§ PROBLEM REQUIREMENTS
Begin at the top of the records below and print each line exactly until the line containing "Könnte beinhalten: Ein" has been printed; any pictures are to be left out.

§ RECORDED DATA
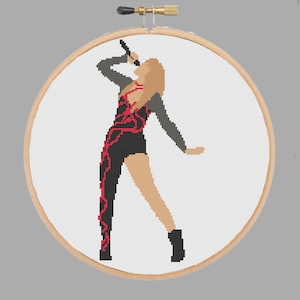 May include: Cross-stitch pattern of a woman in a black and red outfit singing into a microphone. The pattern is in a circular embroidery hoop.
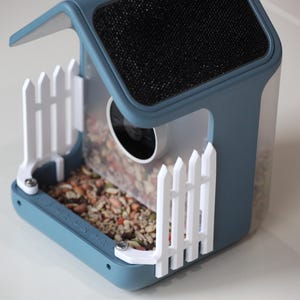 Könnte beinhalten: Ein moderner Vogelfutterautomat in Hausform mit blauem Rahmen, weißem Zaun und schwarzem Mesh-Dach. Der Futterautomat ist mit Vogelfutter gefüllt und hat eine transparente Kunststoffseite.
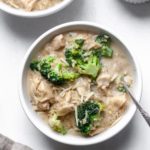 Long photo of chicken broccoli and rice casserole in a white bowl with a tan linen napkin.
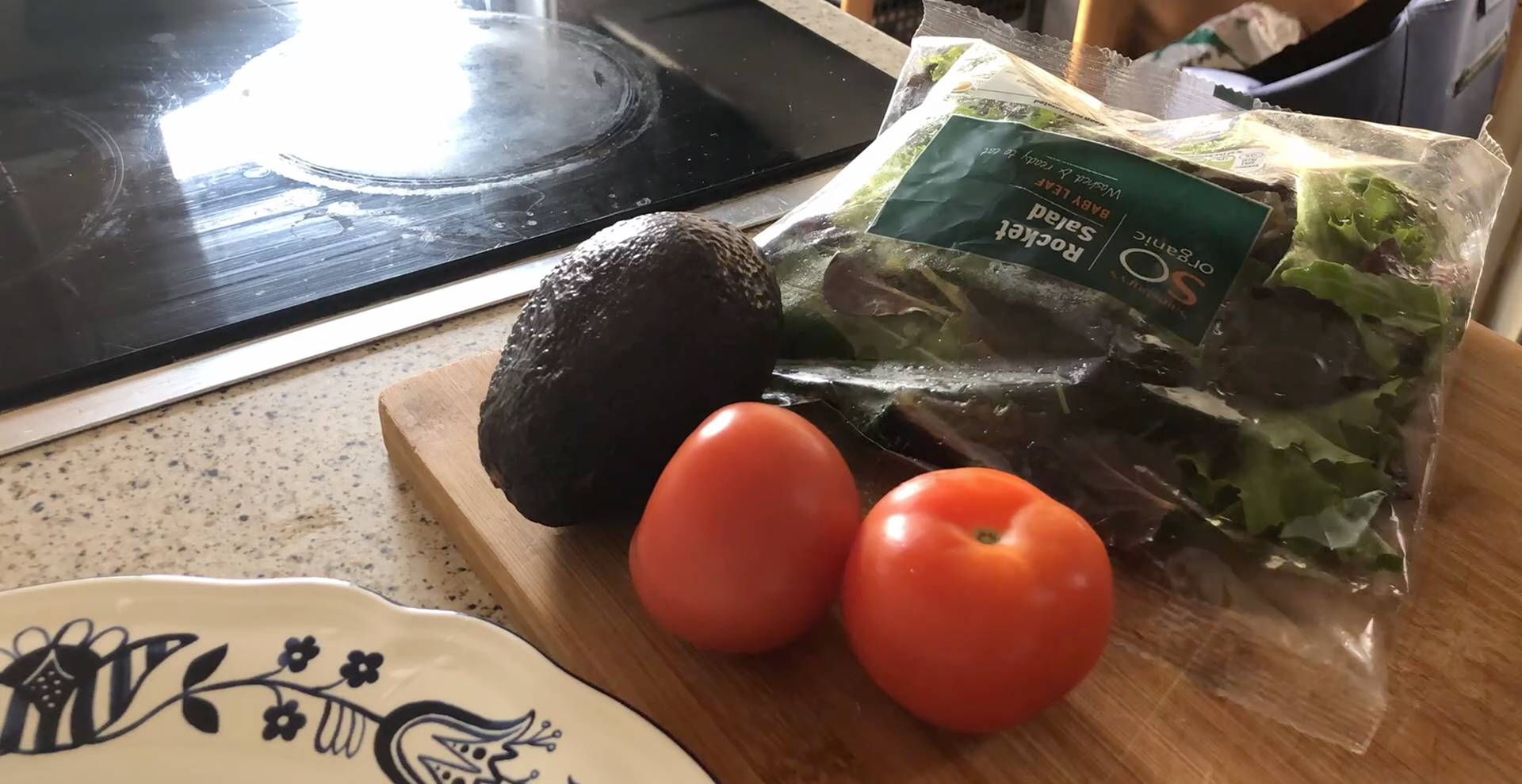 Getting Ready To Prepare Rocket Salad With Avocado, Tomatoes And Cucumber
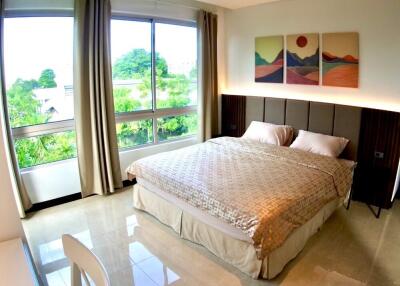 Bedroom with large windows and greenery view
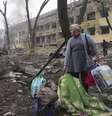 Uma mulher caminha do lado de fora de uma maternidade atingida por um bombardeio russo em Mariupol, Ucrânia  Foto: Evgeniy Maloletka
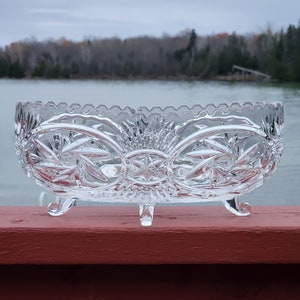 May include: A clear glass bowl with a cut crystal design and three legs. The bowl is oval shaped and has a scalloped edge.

§ ANSWER SECTION
 May include: Cross-stitch pattern of a woman in a black and red outfit singing into a microphone. The pattern is in a circular embroidery hoop.
 Könnte beinhalten: Ein moderner Vogelfutterautomat in Hausform mit blauem Rahmen, weißem Zaun und schwarzem Mesh-Dach. Der Futterautomat ist mit Vogelfutter gefüllt und hat eine transparente Kunststoffseite.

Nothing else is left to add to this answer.